Investigations of the submarine Quaternary stratigraphy of Spencer Gulf and Gulf St. Vincent (Fig. 1), two triangular shaped, fault-bound shallow marine basins in semi-arid, southern South Australia, involved the collection of several hundred marine vibracores (location of the submarine cores are shown in Gostin et al., 1984; Cann et al., 1993; Murray-Wallace et al., 2021). The vibracores commonly obtained undisturbed profiles of the seafloor sediment less than 5 m thick. Depending on their modern physical setting, the cores either chronicled a record of sedimentation during the last glacial cycle from present day submarine contexts of the gulfs (Hails et al., 1984) or Holocene peritidal sedimentation along the margins of the gulfs (Belperio et al., 1984). The TAZ was identified in all the cores examined with a thickness of generally 30–50 cm (Nicholas, 2012). In the initial description of cores, the sediment was referred to as “modern sea floor sediments”. Commonly, primary bedding within these sediments was indistinct or destroyed by bioturbation; traces of seagrass roots were evident in the shallower water facies, and a subtle colour change signified the boundary between the base of the TAZ and the underlying “fossil” sediment. The physical reworking of modern subtidal sediments within the South Australian gulfs is a function of turbulent water during storms and the action of prawns, crabs, and holothurians (Shepherd & Sprigg, 1976).

Core SV#23 from southeastern Gulf St. Vincent (35°18.10S, 138°14.15E; Fig. 1), collected from a present water depth of 40 m, is discussed here to highlight issues related to the TAZ in shallow marine sediments in general. The core was investigated as part of two larger studies examining post-glacial and Holocene sea-level rise following the Last Glacial Maximum (Cann et al., 2006) and Late Pleistocene interstadial sedimentation and relative sea-level changes within Gulf St. Vincent (Cann et al., 1993; Murray-Wallace et al., 2021). As the taphonomically active zone was not the primary focus of these works, the topic is explored in more detail herein, as it relates to wider issues of the reworking of fossils in shallow marine environments. In the initial description of Core SV#23 immediately following collection, the base of the TAZ was defined at 30 cm below the modern sea floor. The TAZ sediment comprised light olive grey (5Y6/1), poorly sorted muddy sand. Entire bivalves, including the beaked mussel Brachidontes sp. and the stepped Venerid cockle Katelysia scalarina, abundant foraminifers, and encrusting algae are common within the sediment. Radiocarbon dating of molluscs from two depth intervals within the modern seafloor sediments illustrates the effects of reworking within the TAZ. Specimens of the cockle Katelysia scalarina at 18–20 cm (unavailable for AAR analysis owing to use in conventional, liquid scintillation radiocarbon dating) from the top of the core (four disarticulated valves with a mass of 19.3 g following HCl dissolution for radiocarbon pretreatment for liquid scintillation counting) were dated at 5040±270 yr cal BP (SUA-2710), while an articulated specimen of Bassina sp. at 22–24 cm was dated at 6870±250 yr cal BP (OZF-049; Murray-Wallace et al., 2021; Table 1). The shell radiocarbon ages are in sidereal years with 2-sigma uncertainties and include a correction for the marine reservoir effect of 450±35 years for southern Australian ocean surface waters (Gillespie & Polach, 1979). The ages relate to the growth of the subfossil molluscs during the early post-glacial Holocene sea-level highstand, but their incorporation within TAZ sediments is most likely from a lateral source within the shallow gulf environment.

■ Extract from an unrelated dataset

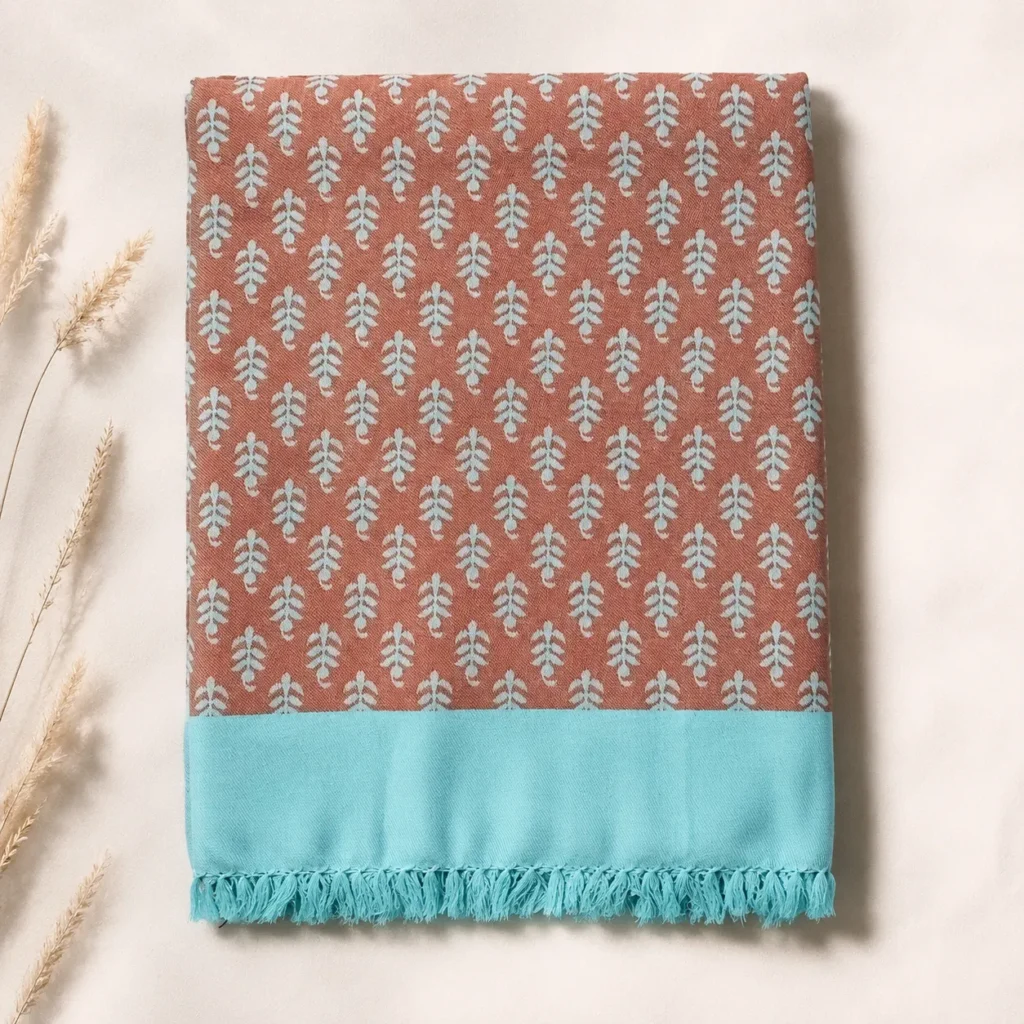 rust and turquoise leaf print cotton blanket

The extent of amino acid racemization measured collectively in 5–10 tests of the foraminifer Elphidium macelliforme (to obtain the requisite sample mass for reverse phase, high performance liquid chromatography; RP-HPLC) was determined based on the sampling of 2-cm thick sediment slices down the entire core barrel of Core SV#23 (Murray-Wallace et al., 2021; Fig. 2). Within the vertical profile of the TAZ in Core SV#23 (top 30 cm), a consistent down-core trend in the extent of amino acid racemization is evident with an average glutamic acid D/L value of 0.067±0.009 and 0.183±0.025 for the faster racemizing aspartic acid (n = 15 analyses; Fig. 2; Table 1; Appendix 1). The 1-sigma uncertainty in D/L values is based on up to five subsamples (A–E in Table 1) of 5–10 foraminifers from the total population of foraminifers within each 2-cm slice of sediment down-core. The down-core variability in D/L values is not significantly different to that noted for replicate fossils of the same age from a range of sedimentary deposits of Holocene to Late Pleistocene age (Murray-Wallace, 1995). The D/L values for modern Elphidium crispum for glutamic and aspartic acid are 0.045±0.011 and 0.080±0.015, respectively (Blakemore et al., 2015), and are significantly different to the average D/L values determined for the TAZ in Core SV#23. Thus, the Elphidium macelliforme within the TAZ of Core SV#23 are at most only a few hundred years older than modern but are of a common age within the 30-cm thick sediment profile. In contrast, as noted above, based on the radiocarbon dating of a specimen of Bassina sp., at 22–24 cm, the shell is significantly older and dated at 6870±250 yr cal BP (OZF-049). Glutamic acid and aspartic acid D/L values of 0.154±0.016 and 0.381±0.008, respectively, for the Bassina sp. by RP-HPLC reaffirm the radiocarbon age showing that the shell is significantly older than the E. macelliforme specimens within the TAZ. The D/L value for aspartic acid in the Bassina sp. by RP-HPLC also accords with the value determined by gas chromatography (Table 1).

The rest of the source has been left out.